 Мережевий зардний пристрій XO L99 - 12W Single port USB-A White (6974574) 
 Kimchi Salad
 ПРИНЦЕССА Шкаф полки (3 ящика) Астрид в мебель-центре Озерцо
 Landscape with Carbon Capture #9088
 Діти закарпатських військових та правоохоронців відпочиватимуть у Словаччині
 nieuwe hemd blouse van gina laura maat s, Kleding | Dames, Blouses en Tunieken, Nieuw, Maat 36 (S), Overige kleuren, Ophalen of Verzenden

# # # # #

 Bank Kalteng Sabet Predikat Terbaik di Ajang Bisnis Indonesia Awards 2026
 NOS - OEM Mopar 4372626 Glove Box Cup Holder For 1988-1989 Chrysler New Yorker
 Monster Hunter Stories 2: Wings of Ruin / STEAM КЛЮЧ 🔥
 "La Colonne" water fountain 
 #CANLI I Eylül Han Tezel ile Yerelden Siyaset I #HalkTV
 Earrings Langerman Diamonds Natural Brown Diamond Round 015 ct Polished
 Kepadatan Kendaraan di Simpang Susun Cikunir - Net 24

# # # # #

I'd like the lines above from the one with "Kimchi Salad" up to and including the one with "nieuwe hemd blouse" copied exactly, with no other lines.

● **Response for this exercise**
 Kimchi Salad
 ПРИНЦЕССА Шкаф полки (3 ящика) Астрид в мебель-центре Озерцо
 Landscape with Carbon Capture #9088
 Діти закарпатських військових та правоохоронців відпочиватимуть у Словаччині
 nieuwe hemd blouse van gina laura maat s, Kleding | Dames, Blouses en Tunieken, Nieuw, Maat 36 (S), Overige kleuren, Ophalen of Verzenden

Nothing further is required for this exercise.